Statement by Mrs. Sadako Ogata, United Nations High Commissioner for Refugees, at the Club Diplomatique de Genève, Geneva, 13 October 1993
Statement by Mrs. Sadako Ogata, United Nations High Commissioner for Refugees, at the Club Diplomatique de Genève, Geneva, 13 October 1993
I am delighted to have this opportunity to speak to you today on the issue of refugees.
Let me begin by giving you basic information about my organization and what we do. The Office of the United Nations High Commissioner for Refugees was established by the UN General Assembly in 1951 to protect and assist refugees, and to find solutions for them. From Benin to Bangladesh, from Afghanistan to Azerbaijan, from Somalia to South Africa, in 109 countries across the globe UNHCR is helping some 19 million refugees and displaced persons today.
We respond to their emergency needs for food, shelter and health, as in Azerbaijan where several hundred thousand people have been displaced by the recent fighting.

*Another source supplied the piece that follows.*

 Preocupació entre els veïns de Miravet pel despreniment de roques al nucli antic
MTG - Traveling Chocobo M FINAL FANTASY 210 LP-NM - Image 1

On a happier note, we also help refugees to return home. Last March we completed the repatriation of some 370,000 Cambodians from Thailand. Last month I travelled to Pakistan, Iran and Afghanistan. The Afghan refugee problem was one of the largest in modern times, with 6 million refugees in Iran and Pakistan. Today more than 1.5 million Afghans have returned home with our help. The challenge now is to ensure the minimum conditions of safety and economic and social well-being for those who have chosen to return to a country which is still strife-ridden. Refugees have also begun to return to Mozambique from Malawi, Zimbabwe, Swaziland and South Africa. It will be the largest repatriation exercise in Africa, involving 1.5 million people.
Seventy five percent of UNHCR staff live in or close to refugee camps, monitoring distribution of relief, negotiating with the authorities to allow those fleeing to cross borders, setting up camps and helping people, and when peace comes, to go home.

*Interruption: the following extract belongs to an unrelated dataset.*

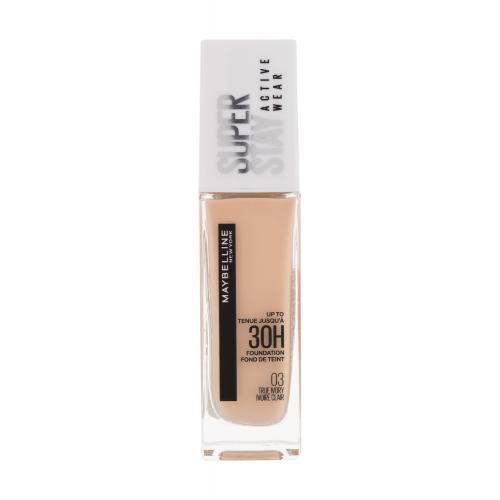 MAYBELLINE NEW YORK SuperStay Active Wear dlhotrvajúci make-up pre plné krytie odtieň 03 True Ivory 30 ml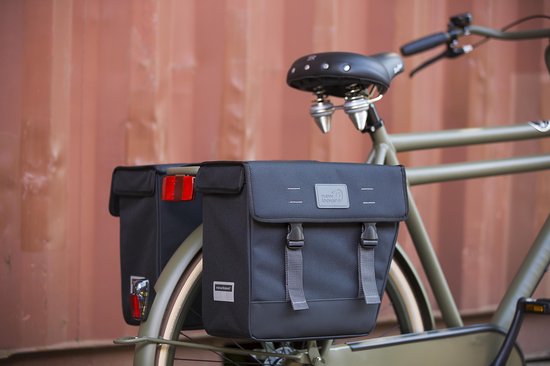 New Looxs Dubbele Fietstas Hybride Origin 33l Donker - Grijs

Most of UNHCR's work occurs away from the glare of cameras in inaccessible and harsh corners of the globe. But of late, our efforts in northern Iraq and Bosnia-Herzegovina have received considerable media exposure. In the aftermath of the Persian Gulf War, my Office assisted in the return of 1.7 million Kurds from neighbouring countries, and in the reconstruction of some 1,500 Kurdish villages, which allowed 6,500 families to survive the winter at home. UNHCR deployed some 180 staff alongside 500 UN guards and hundreds of NGO staff as a confidence-building measure to enhance security.

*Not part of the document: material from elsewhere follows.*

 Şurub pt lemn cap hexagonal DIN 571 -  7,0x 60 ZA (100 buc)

In former Yugoslavia, UNHCR provides life-saving assistance to over 4 million people, of whom over a million are refugees in Croatia, Serbia and Montenegro. The rest are displaced inside Bosnia-Herzegovina or in besieged cities, and dependent on international assistance and protection for their survival. The UNHCR airlift to Sarajevo is the largest humanitarian airlift since the Soviet blockade of Berlin in 1948, and surpassed Berlin last Friday. Since 1 July 1992, in over 5,500 flights some 60,000 metric tonnes of relief supplies have been brought in to sustain the nearly half a million residents of the city. I am deeply concerned about the humanitarian catastrophe we could witness with a second winter of war in the former Yugoslavia.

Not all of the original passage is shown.